1808 erbaute Joseph Vogtt an der Dufkampstraße auf einem früheren Gartengrundstück der Küsterfamilie Vogtt ein Wohnhaus für seine Familie, das heute nach der späteren Eigentümerfamilie Hakenfort benannt ist.

Das besondere Interesse des Arztes galt der Geschichtswissenschaft. Er war Mitglied des Vereins für Geschichte und Altertumskunde Westfalens und veröffentlichte in einigen Zeitungen kleine Arbeiten über Hünengräber und eine Ausgrabung auf der Burg in Ottenstein. Die heute nach Dr. Joseph Vogtt benannte Gasse endete früher an den Gärten der Burgstraße. Erst in jüngerer Zeit und nach dem Abbruch der Häuser an der Burgstraße entwickelte sie sich zur schnellen Verbindung von der Innenstadt zum Edeka-Markt und zur Burgstraße.

SMS zieht an die Berkel

Vielleicht werden auch Martin Auras und Conny Vens die Gasse künftig nutzen, wenn sie von der Innenstadt zu ihrem neuen Arbeitsplatz gehen. 2019 soll das SMS-Stadtmarketing in die alte Berkelmühle umziehen. Das historische Gebäude wird zurzeit umgebaut und renoviert. Auf den Umzug freuen sich Martin Auras und Conny Vens – auch wenn sie dafür das Haus Hakenfort, das ihnen ans Herz gewachsen ist, verlassen müssen. „In der Mühle haben wir mehr Platz und können uns auch zeitgemäßer präsentieren“, sagt Martin Auras. Er freut sich auf das Leben am Fluss, das sich auf der neuen Berkelpromenade und rund um das nebenan geplante Hotel entfalten wird.
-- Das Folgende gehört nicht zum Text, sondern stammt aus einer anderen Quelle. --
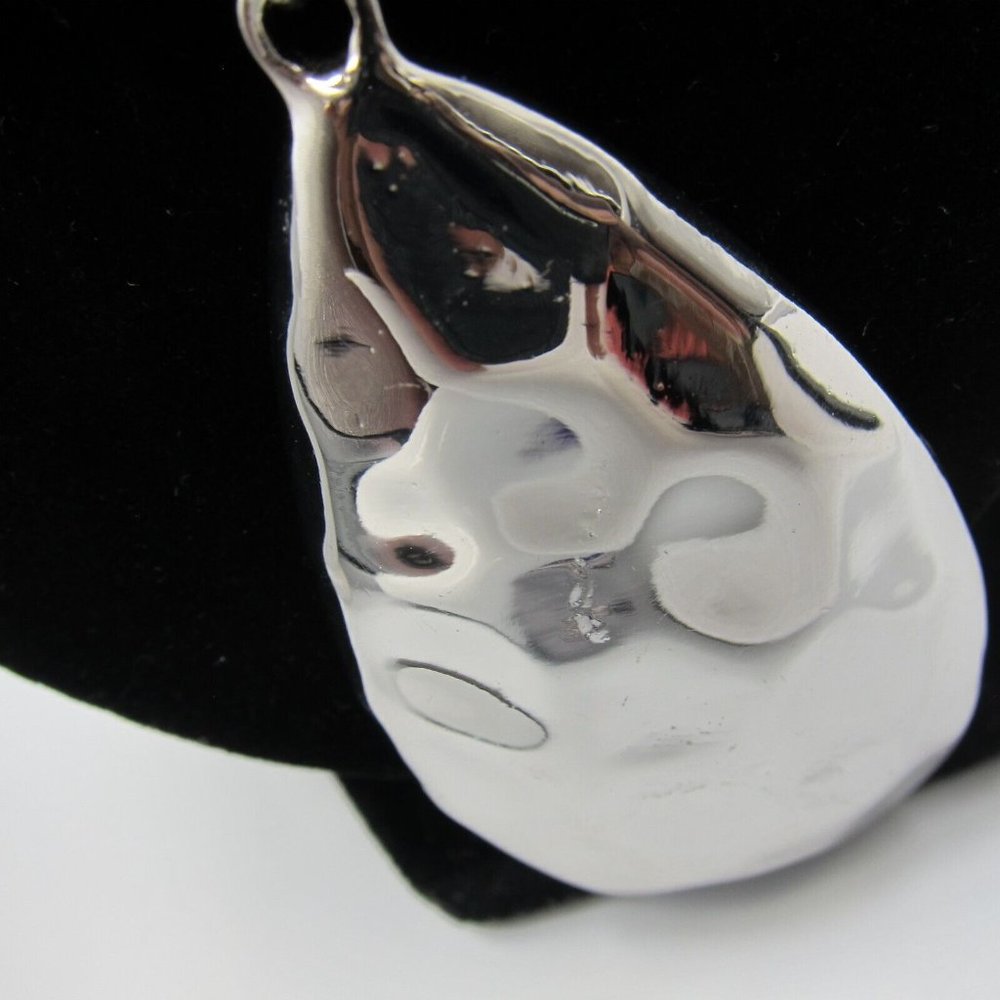 CHICO'S Teardrop Pendant Necklace Silver Hammered Metal Silver Purple Stone NEW - Picture 6 of 8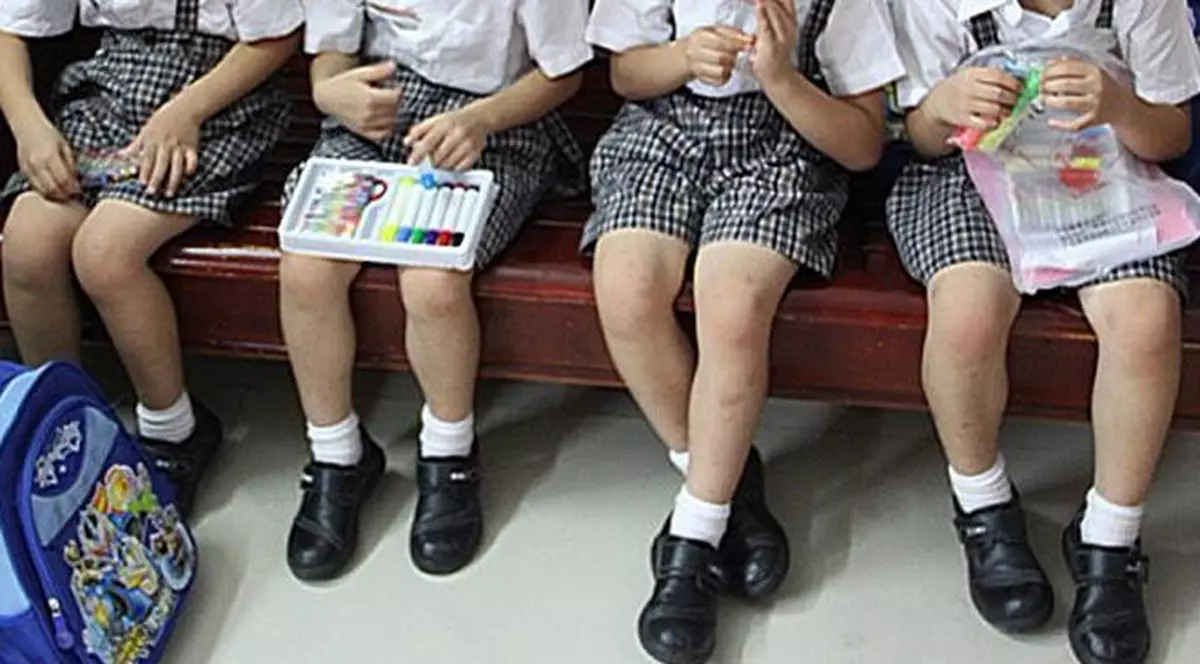 Ce GEST a fost în stare să facă o mamă pentru a-şi deosebi cei patru fii | FOTO INCREDIBIL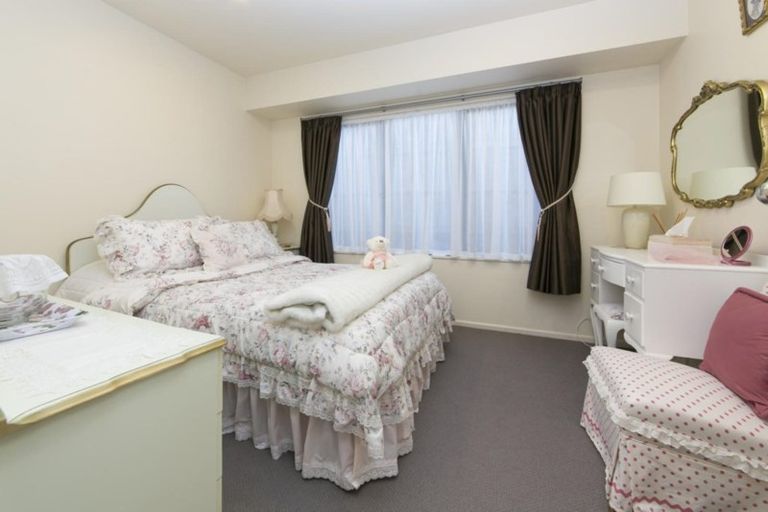 Photo of property in 37 Starlight Cove, Hobsonville, Auckland, 0618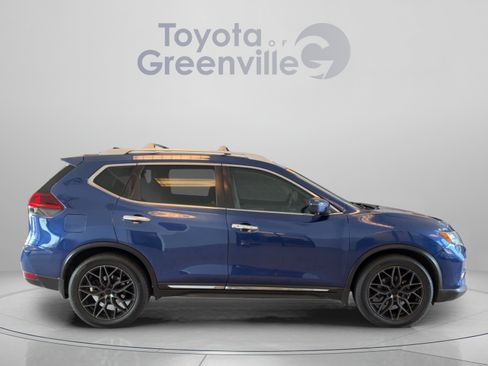 Used 2020 Nissan Rogue SL w/ Premium Package FWD image 7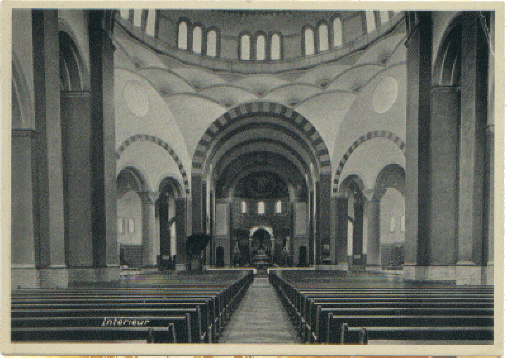  Het interieur van de Gerardus Majella-kerk in 1947, voor het verplaatsten van de altaar onder de koepel. De foto is gestuurd door Leo Winnubst die er op 5 juni 1947 trouwde met Annie Jonker. 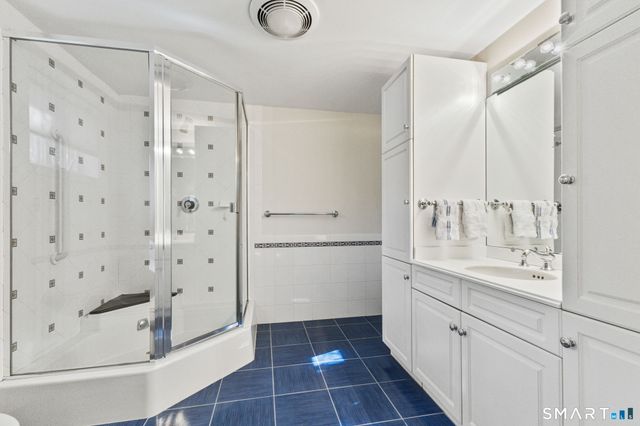 26 Holly Lane, Darien, CT 06820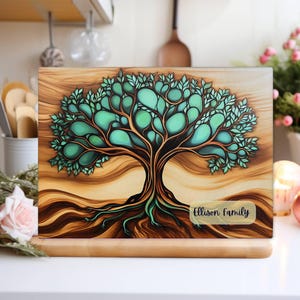 Personalized Tree of Life Glass  Board, Personalized Cutting Board, Wedding Gift, Beautiful Resin Epoxy  Print on Glass, Green Tree of Life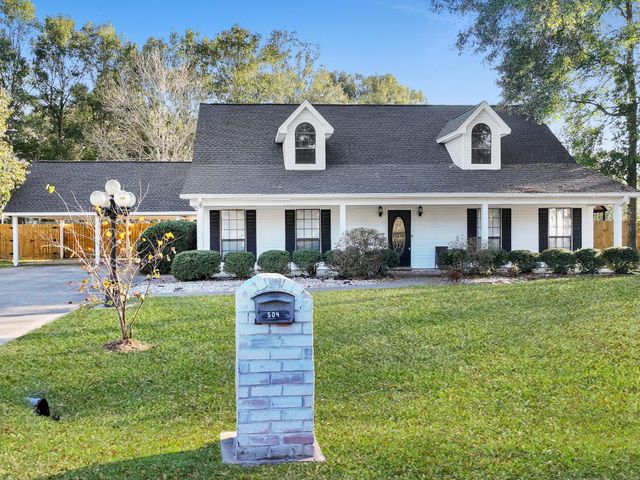 504 County Road 763 N, Buna, TX 77612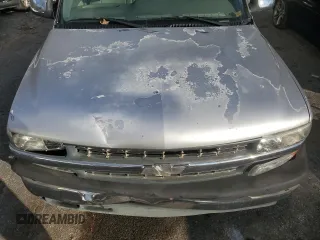 2001 Chevrolet Silverado 1500 LS with VIN 2GCEC19T011226870, listed as a Copart auction lot 85949824 with Not Provided miles and Salvage Title. Bid and sale history available at DreamBid. Image 11.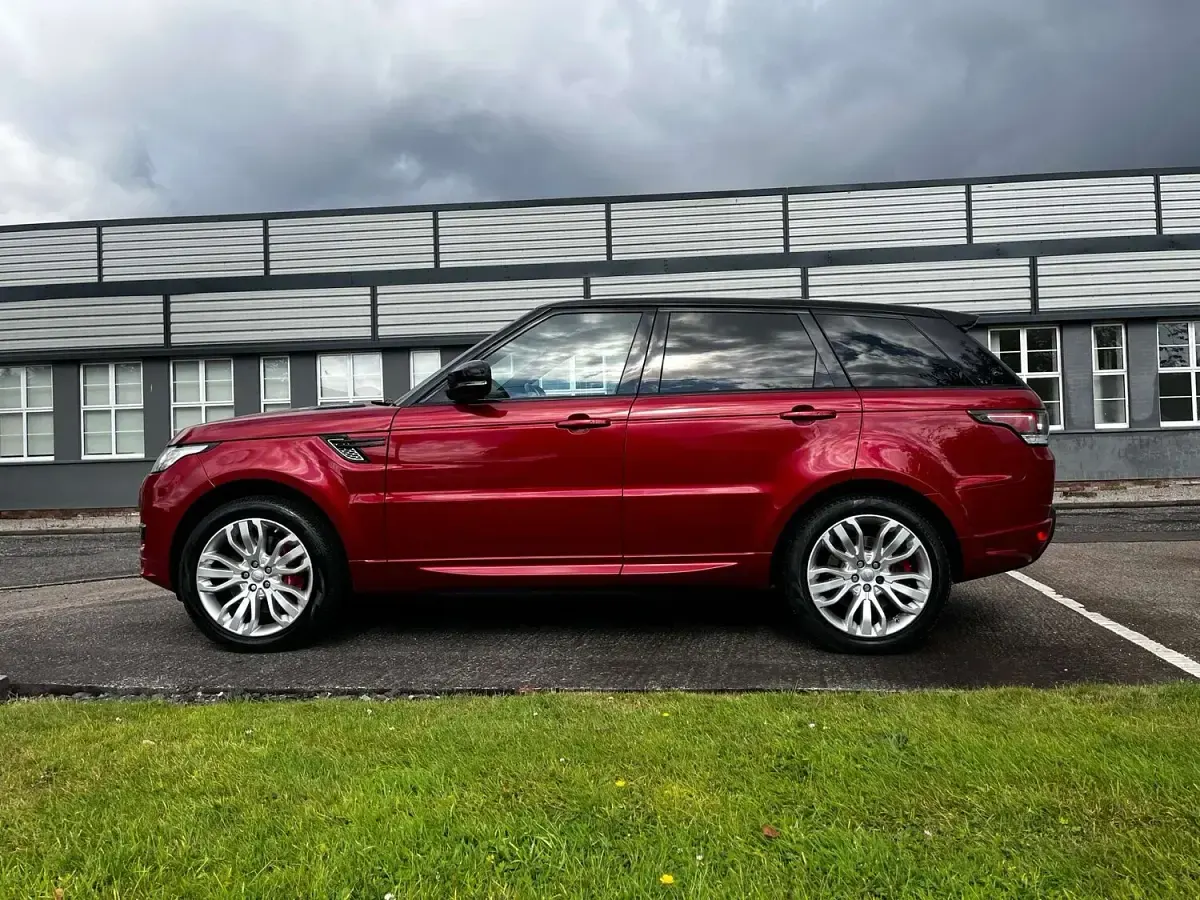 Used Land Rover Range Rover Autobiography Dynamic 339 HP (249 kW) 2015 Red SUV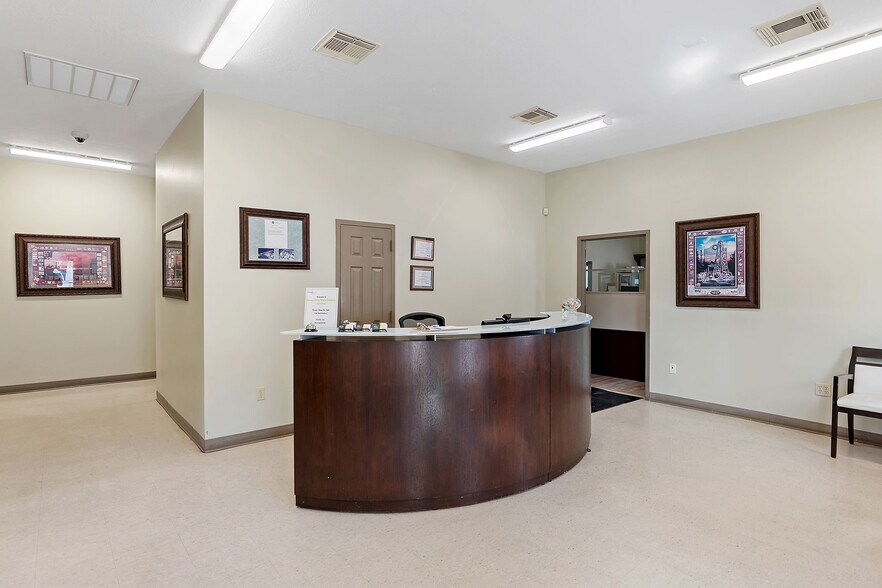 More Photos Of 29315 Highway Blvd, Katy Manufacturing For Sale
Und was wird nach dem Auszug des SMS-Stadtmarketing aus dem Haus Hakenfort? „Das bleibt auf jeden Fall eine öffentliche Begegnungstätte“, sagt Bürgermeister Helmut Könning. Und vielleicht bleibt hier auch noch eine kleine SMS-Anlaufstelle für Besucher der Stadt. „Das ist aber noch nicht beschlossene Sache, das ist nur in der Überlegung“, so Bürgermeister Könning.

Wer war Dr. Joseph Vogtt? Warum heißt der Schanzring Schanzring? Wo ist eigentlich der Kühlsgang? Und was bedeutet Fünderken? Wer lebt und arbeitet in den Straßen dieser Stadt? In einer neuen Serie gehen Stadtarchivar Ulrich Söbbing und Münsterland Zeitung diesen Fragen nach. Verbunden ist die Serie mit einer kleinen Ausstellung im Foyer des Rathauses. Im aktuellen Serienteil geht es um die Dr.-Joseph-Vogtt-Gasse.